Neue Videos online: Wie digitale Räume die Demokratie stärken können
Expert*innen aus Recht, Ökonomie, Philosophie und Sozialwissenschaften teilen ihre Visionen
Digitale öffentliche Räume spielen eine zunehmend zentrale Rolle für den demokratischen Diskurs. Doch mit der Dominanz globaler Social-Media-Plattformen geraten grundlegende Prinzipien wie Meinungsvielfalt, Transparenz und Teilhabe zunehmend unter Druck. Personalisierte Inhalte, algorithmische Moderation und die wachsende Verbreitung generativer KI-Inhalte werfen dabei drängende Fragen auf: Fördern diese digitalen Räume noch den demokratischen Austausch – oder untergraben sie ihn?

Um dieser Frage nachzugehen, lud die interdisziplinäre Forschungsgruppe humanet3 im März 2025 Expert*innen aus Recht, Ökonomie, Philosophie und Sozialwissenschaften zu einem Workshop ein. Gemeinsam diskutierten sie über den Zustand digitaler Öffentlichkeiten, deren Bedeutung für die Demokratie und über Wege, wie sie zukunftsfähig und demokratisch gestaltet werden können.
Aus diesem Austausch ist eine Videoreihe hervorgegangen, in der ausgewählte Teilnehmende ihre Perspektiven aufzeigen und Impulse für die Weiterentwicklung digitaler Räume setzen. Sie geben Antwort auf die Frage: Wie sollte ein digitaler öffentlicher Raum gestaltet sein, der die Demokratie stärkt? Nach einem Auftakt mit Statements von Erik Tuchtfeld, Philipp Lorenz-Spreen und Kristina Rao folgen nun Statements von Thorsten Thiel, Raffaela Kunz und Chaewon Yun:
Thorsten Thiel, Professor für Demokratie und Digitale Politik an der Universität Erfurt, hebt die strukturellen Spannungen hervor, denen digitale Öffentlichkeiten heute unterliegen. Politische Information sei für demokratische Gesellschaften essenziell – gleichzeitig aber ökonomisch schwer verwertbar in einer von Aufmerksamkeitslogiken getriebenen Medienlandschaft. Thiel plädiert für alternative Finanzierungsmodelle, etwa durch demokratische „Vouchers“: Bürger*innen könnten damit gezielt unabhängigen Journalismus unterstützen und so aktiv zur Stärkung demokratischer Diskurse beitragen.
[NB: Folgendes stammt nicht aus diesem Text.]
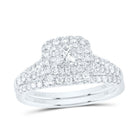 14kt White Gold Princess Diamond Halo Bridal Wedding Ring Band Set with Blue Sapphire Accent - A Timeless Celebration of Love - Splendid Jewellery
Raffaela Kunz, Rechtswissenschaftlerin und Postdoc an der Universität Zürich, beschäftigt sich in ihrer Forschung mit den systemischen Bedrohungen für Grundrechte im digitalen Zeitalter. Die entscheidende Herausforderung bestehe darin, digitale Räume zu schaffen, die nicht vollständig von ökonomischer Logik durchdrungen sind. Die massive Kommerzialisierung des Netzes – eine „Kolonialisierung der Lebenswelt“, wie sie unter Rückgriff auf Jürgen Habermas formuliert – müsse rechtlich begrenzt werden. Gleichzeitig brauche es Alternativen: gemeinwohlorientierte, nicht-kommerzielle Räume, in denen Diskurs möglich ist, ohne dass ökonomische Verwertungslogiken dominieren.
Chaewon Yun, Doktorandin am Forschungsbereich Mensch und Maschine des Max-Planck-Instituts für Bildungsforschung, betont die Bedeutung digitaler Räume, die Diversität nicht nur zulassen, sondern aktiv ermöglichen. Demokratie könne nur dann funktionieren, wenn Menschen sich in ihrer Vielfalt anerkannt fühlen – ohne ihre Würde kompromittieren zu müssen. Als positives Beispiel führt sie die Plattform Ravelry an, eine internationale Online-Community für Strick- und Handarbeitsbegeisterte. Zwar kein klassischer politischer Ort, aber ein Beispiel dafür, wie digitale Räume Gemeinschaft, Selbstorganisation und Pluralität fördern können – allesamt zentrale Voraussetzungen für eine lebendige Demokratie.
Die Videos sind ab sofort online verfügbar, weitere Beiträge aus Wissenschaft und Praxis folgen in den kommenden Wochen.
humanet3 ist eine interdisziplinäre Forschungsinitiative, die den menschenzentrierten digitalen Wandel kritisch begleitet und aktiv mitgestaltet – im Sinne der Europäischen Erklärung zu digitalen Rechten und Grundsätzen für die digitale Dekade. Getragen wird das Projekt von drei Max-Planck-Instituten: dem MPI für ausländisches öffentliches Recht und Völkerrecht, dem MPI für Innovation und Wettbewerb sowie dem MPI für Bildungsforschung.